Platão e o Jiu-Jitsu: Entre o Instinto e a Coragem Verdadeira
Por Fabio Gurgel
Platão foi um dos maiores pensadores da história. Discípulo de Sócrates e mestre de Aristóteles, dedicou sua vida a investigar o que torna uma vida verdadeiramente boa — e como alcançar virtudes como justiça, sabedoria e coragem. Em seu diálogo Laques, ele faz uma pergunta simples, mas profunda: o que é, afinal, a coragem?
A conversa se dá entre Sócrates e dois generais atenienses. Eles tentam definir coragem como “não fugir do combate”, “resistir ao medo”, “manter-se firme diante do perigo”. Mas Sócrates, como sempre, vai além das aparências. Ele quer saber: isso é mesmo coragem, ou apenas imprudência disfarçada?
E é aqui que Platão se conecta com o tatame.
No Jiu-Jitsu, vemos isso o tempo todo:
O atleta que se lança por impulso para sair de uma posição difícil.
O iniciante que age no instinto, tentando escapar com força ou desespero.
O competidor que confunde bravura com teimosia.
À primeira vista, tudo isso pode parecer coragem. Mas, como diria Platão, talvez seja apenas ignorância ativa — a ação sem discernimento. E, no Jiu-Jitsu, a consequência vem rápida: a derrota.
Pouca gente sabe, mas as técnicas do Jiu-Jitsu foram justamente criadas para explorar os padrões instintivos do ser humano — aquilo que o corpo tenta fazer automaticamente quando está em perigo.
A arte foi desenhada para neutralizar o impulso com inteligência.

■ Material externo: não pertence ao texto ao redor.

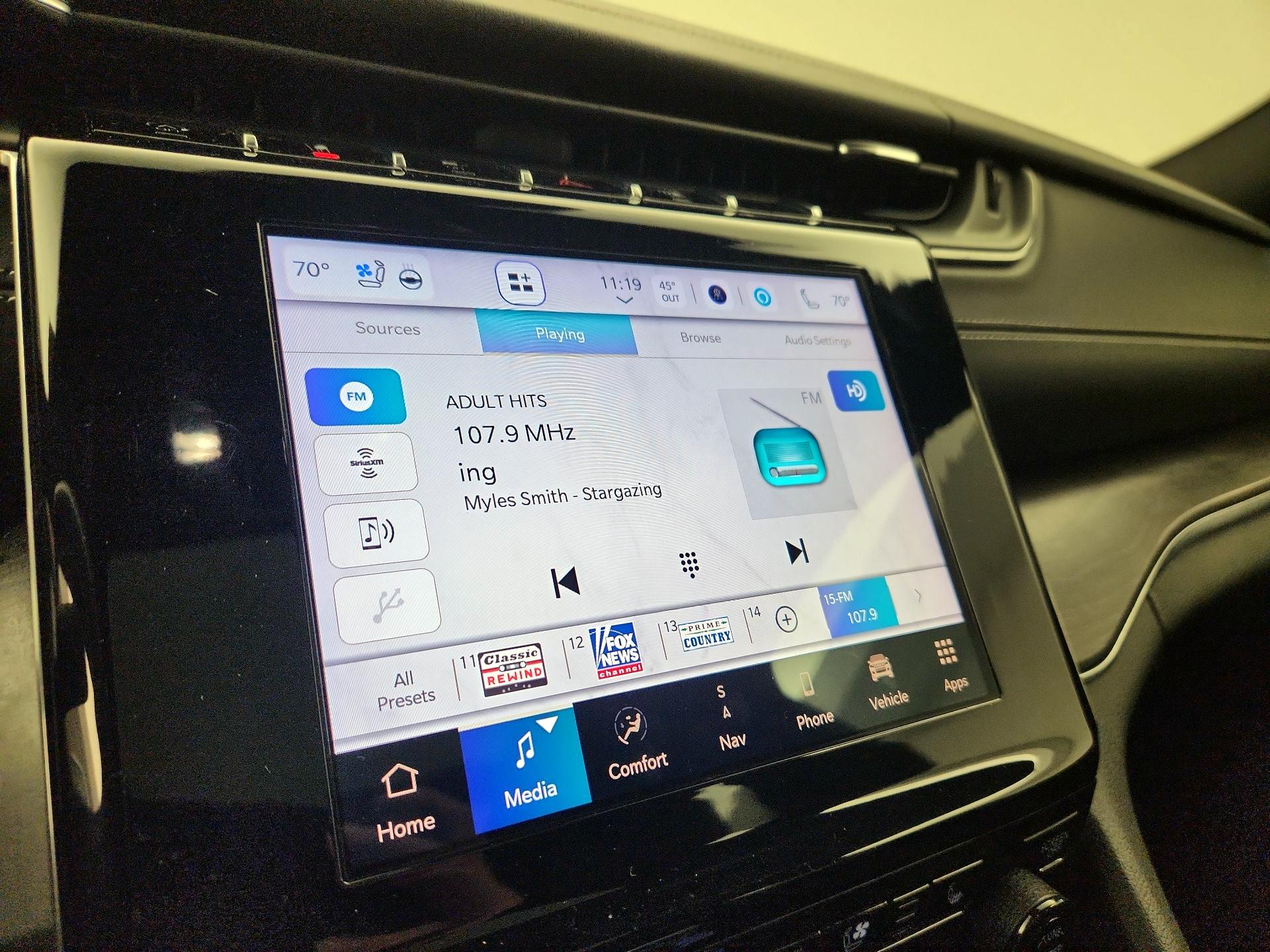 Thumbnail: 2022 Jeep Grand Cherokee - 16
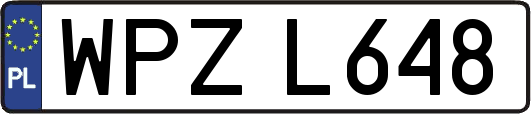 WPZL648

Para vencer o instinto com consciência.
O praticante que reage sem técnica é como aquele que enfrenta o medo sem entender o que está fazendo. Pode parecer nobre — mas é perigoso, ineficaz e, muitas vezes, autodestrutivo.
A verdadeira coragem no Jiu-Jitsu não é o impulso cego.
É a constância.
É suportar a pressão.
É permanecer calmo mesmo na pior posição, porque se confia no conhecimento adquirido.
Assim como Platão, o Jiu-Jitsu nos ensina que o lutador mais perigoso não é o mais impulsivo, mas o mais sereno.
Aquele que pensa.
Aquele que espera o momento certo.
Aquele que entende que coragem, sem razão, vira imprudência.
Ser corajoso, segundo Platão, é agir com entendimento.
É saber o que se enfrenta, por que se enfrenta, e quando é hora de avançar ou recuar.
No tatame, isso significa respeitar a técnica acima do instinto, e a verdade acima da vaidade.
No fim, a luta mais difícil não é contra o outro —
É contra o impulso que grita, quando a consciência pede silêncio.